Top of TASK INPUT

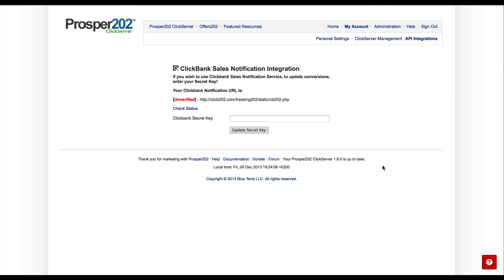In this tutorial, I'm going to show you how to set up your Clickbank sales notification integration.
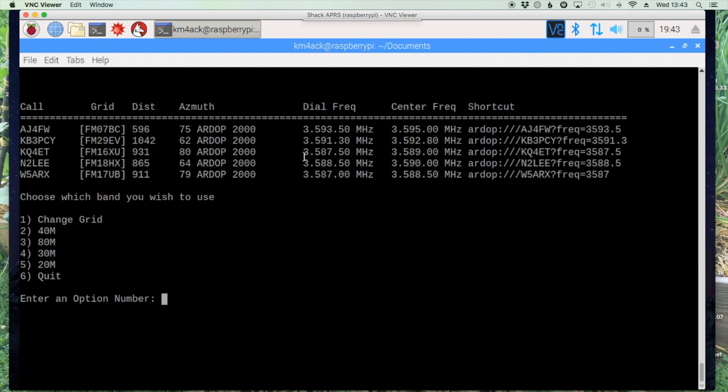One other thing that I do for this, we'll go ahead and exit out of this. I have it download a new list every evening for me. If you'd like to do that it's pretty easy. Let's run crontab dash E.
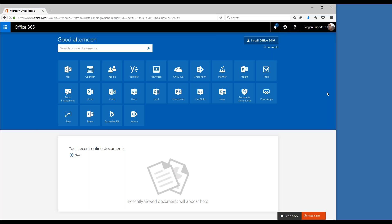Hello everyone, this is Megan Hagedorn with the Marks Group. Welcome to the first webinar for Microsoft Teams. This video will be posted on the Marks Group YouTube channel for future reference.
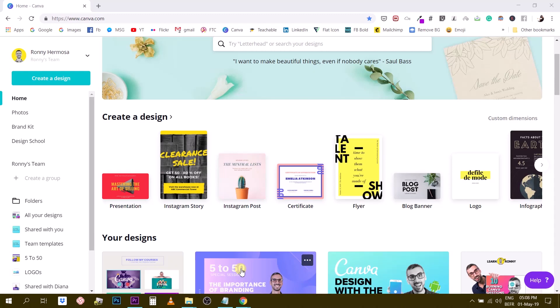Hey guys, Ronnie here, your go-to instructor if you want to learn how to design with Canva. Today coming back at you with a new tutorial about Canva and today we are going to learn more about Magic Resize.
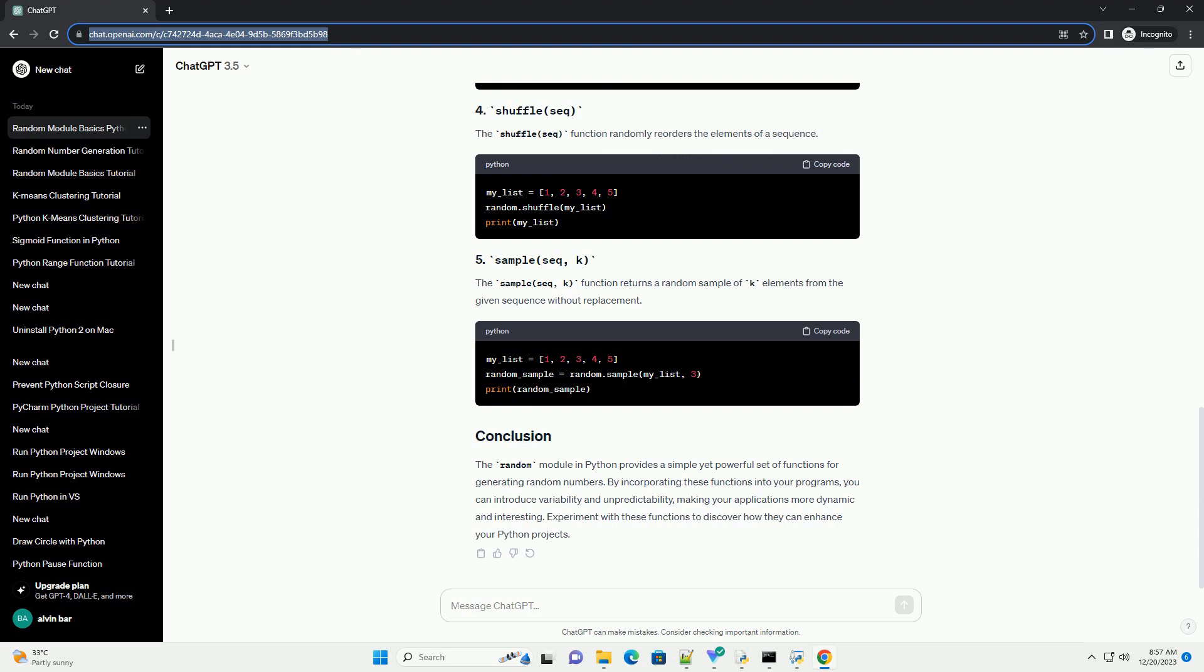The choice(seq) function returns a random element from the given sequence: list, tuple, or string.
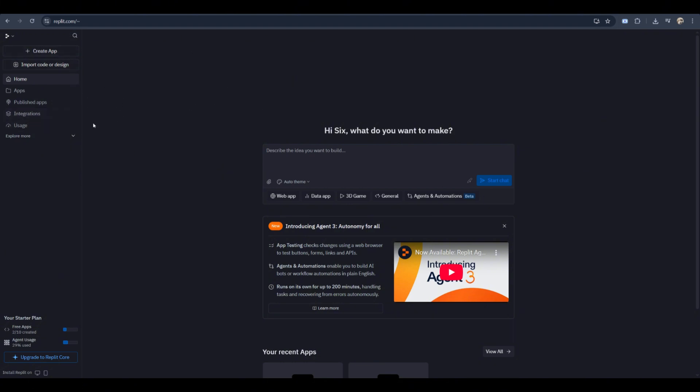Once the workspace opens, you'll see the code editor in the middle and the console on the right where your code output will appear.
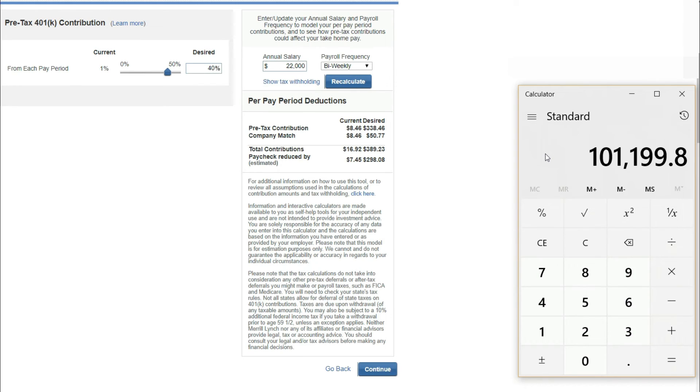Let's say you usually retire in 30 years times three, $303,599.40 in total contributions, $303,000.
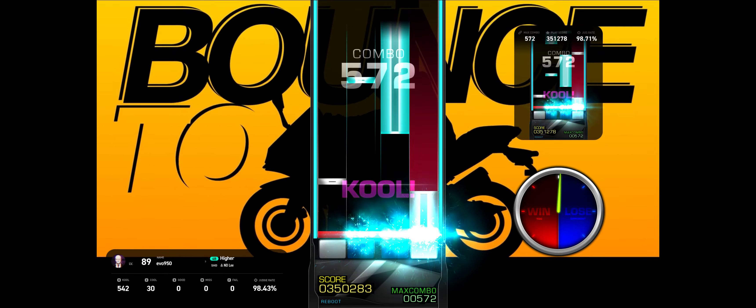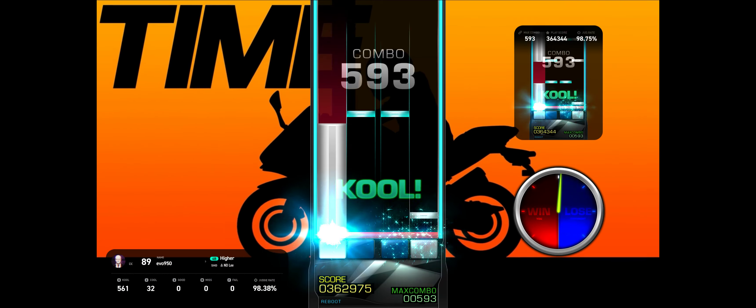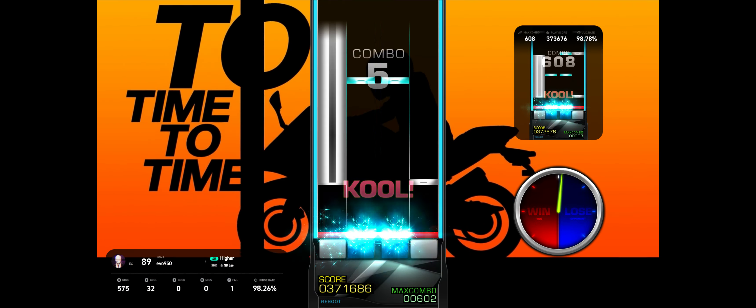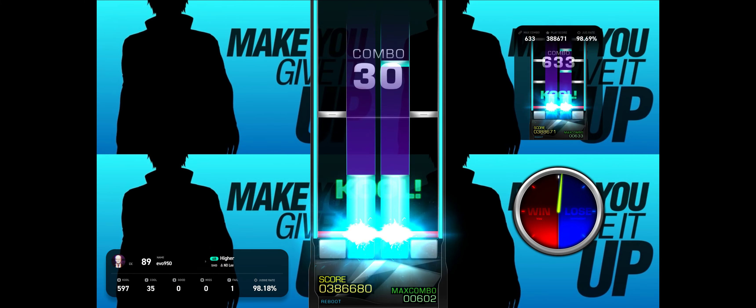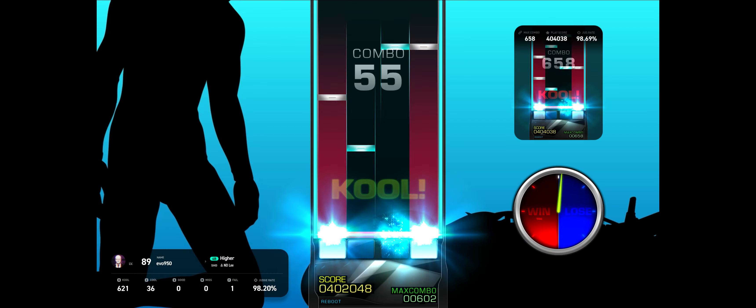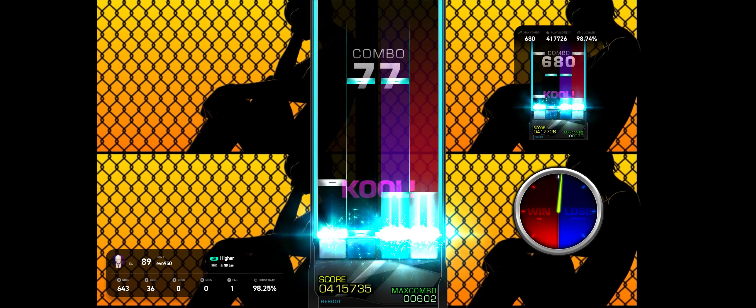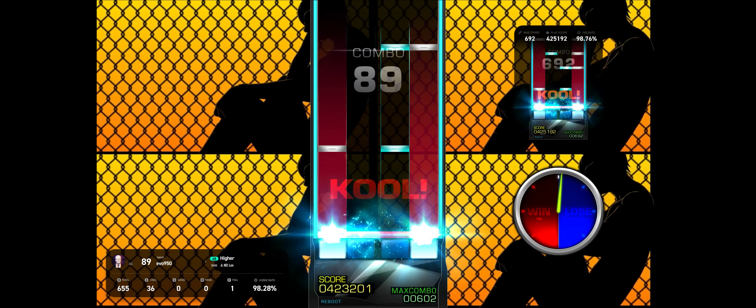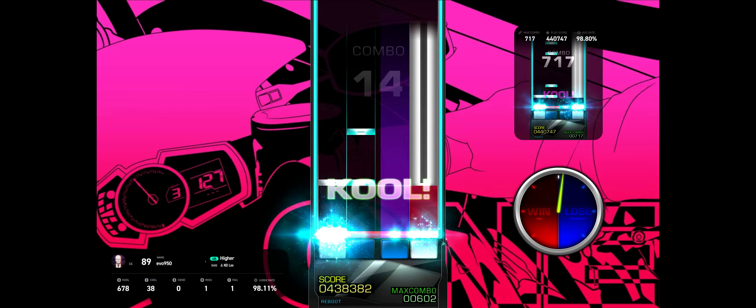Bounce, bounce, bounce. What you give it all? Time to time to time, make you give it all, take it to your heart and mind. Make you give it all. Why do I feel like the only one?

Bottom of TASK INPUT
Top of TASK INPUT

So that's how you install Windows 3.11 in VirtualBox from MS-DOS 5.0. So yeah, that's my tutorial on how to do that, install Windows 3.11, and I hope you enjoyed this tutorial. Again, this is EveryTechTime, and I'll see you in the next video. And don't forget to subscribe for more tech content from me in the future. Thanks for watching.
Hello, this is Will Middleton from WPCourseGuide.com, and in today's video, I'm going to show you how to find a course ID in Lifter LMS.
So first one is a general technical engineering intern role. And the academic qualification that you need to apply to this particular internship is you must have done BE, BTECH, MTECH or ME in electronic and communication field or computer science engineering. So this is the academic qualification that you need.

Bottom of TASK INPUT
Top of TASK INPUT

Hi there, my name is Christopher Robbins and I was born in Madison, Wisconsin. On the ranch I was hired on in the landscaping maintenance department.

Bottom of TASK INPUT

> [WORK TO COMPLETE]:
What belongs in the answer is each line above from the line with "Hey guys, Ronnie" to the line with "Bounce, bounce, bounce.", inclusive, reproduced exactly and free of pictures.

> [RESULT OF THE TASK]:
Hey guys, Ronnie here, your go-to instructor if you want to learn how to design with Canva. Today coming back at you with a new tutorial about Canva and today we are going to learn more about Magic Resize.
The choice(seq) function returns a random element from the given sequence: list, tuple, or string.
Once the workspace opens, you'll see the code editor in the middle and the console on the right where your code output will appear.
Let's say you usually retire in 30 years times three, $303,599.40 in total contributions, $303,000.
Bounce, bounce, bounce. What you give it all? Time to time to time, make you give it all, take it to your heart and mind. Make you give it all. Why do I feel like the only one?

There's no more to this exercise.